Powell v. Ocwen Loan Servicing, LLC

    19-2735
    Powell v. Ocwen Loan Servicing, LLC


                                      UNITED STATES COURT OF APPEALS
                                          FOR THE SECOND CIRCUIT

                                                      SUMMARY ORDER

RULINGS BY SUMMARY ORDER DO NOT HAVE PRECEDENTIAL EFFECT. CITATION TO A
SUMMARY ORDER FILED ON OR AFTER JANUARY 1, 2007, IS PERMITTED AND IS GOVERNED
BY FEDERAL RULE OF APPELLATE PROCEDURE 32.1 AND THIS COURT=S LOCAL RULE 32.1.1.
WHEN CITING A SUMMARY ORDER IN A DOCUMENT FILED WITH THIS COURT, A PARTY
MUST CITE EITHER THE FEDERAL APPENDIX OR AN ELECTRONIC DATABASE (WITH THE
NOTATION ASUMMARY ORDER@). A PARTY CITING TO A SUMMARY ORDER MUST SERVE A
COPY OF IT ON ANY PARTY NOT REPRESENTED BY COUNSEL.

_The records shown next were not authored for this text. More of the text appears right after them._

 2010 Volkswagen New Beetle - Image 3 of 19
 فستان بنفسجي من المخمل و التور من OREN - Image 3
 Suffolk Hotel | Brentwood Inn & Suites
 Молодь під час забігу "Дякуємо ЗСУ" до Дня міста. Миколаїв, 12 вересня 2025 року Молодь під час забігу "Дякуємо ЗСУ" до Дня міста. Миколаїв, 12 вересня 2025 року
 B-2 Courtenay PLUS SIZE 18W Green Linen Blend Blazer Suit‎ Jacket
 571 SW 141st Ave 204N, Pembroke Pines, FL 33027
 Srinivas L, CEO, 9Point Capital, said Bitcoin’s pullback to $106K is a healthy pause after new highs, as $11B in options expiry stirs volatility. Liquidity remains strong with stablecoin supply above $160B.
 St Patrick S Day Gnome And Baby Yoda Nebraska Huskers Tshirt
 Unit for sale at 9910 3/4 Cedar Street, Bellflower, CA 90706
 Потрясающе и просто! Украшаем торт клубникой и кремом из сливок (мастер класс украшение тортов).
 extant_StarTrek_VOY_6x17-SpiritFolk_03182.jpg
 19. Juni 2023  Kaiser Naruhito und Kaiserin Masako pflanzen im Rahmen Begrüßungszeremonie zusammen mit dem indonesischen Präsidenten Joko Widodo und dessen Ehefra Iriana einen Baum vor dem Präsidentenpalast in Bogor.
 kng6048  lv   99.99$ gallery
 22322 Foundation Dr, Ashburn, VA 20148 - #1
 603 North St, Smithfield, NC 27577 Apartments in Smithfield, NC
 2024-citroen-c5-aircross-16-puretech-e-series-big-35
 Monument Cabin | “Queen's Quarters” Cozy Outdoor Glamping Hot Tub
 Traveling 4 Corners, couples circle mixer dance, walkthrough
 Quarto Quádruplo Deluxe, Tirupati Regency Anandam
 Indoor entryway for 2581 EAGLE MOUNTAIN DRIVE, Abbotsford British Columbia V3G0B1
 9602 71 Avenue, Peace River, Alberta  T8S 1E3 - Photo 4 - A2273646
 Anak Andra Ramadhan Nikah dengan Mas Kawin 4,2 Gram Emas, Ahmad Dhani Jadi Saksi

                   At a stated term of the United States Court of Appeals for the Second
    Circuit, held at the Thurgood Marshall United States Courthouse, 40 Foley Square, in the
    City of New York, on the 28th day of December, two thousand twenty.

    PRESENT:
                         DENNY CHIN,
                         JOSEPH F. BIANCO,
                         STEVEN J. MENASHI,
                                   Circuit Judges.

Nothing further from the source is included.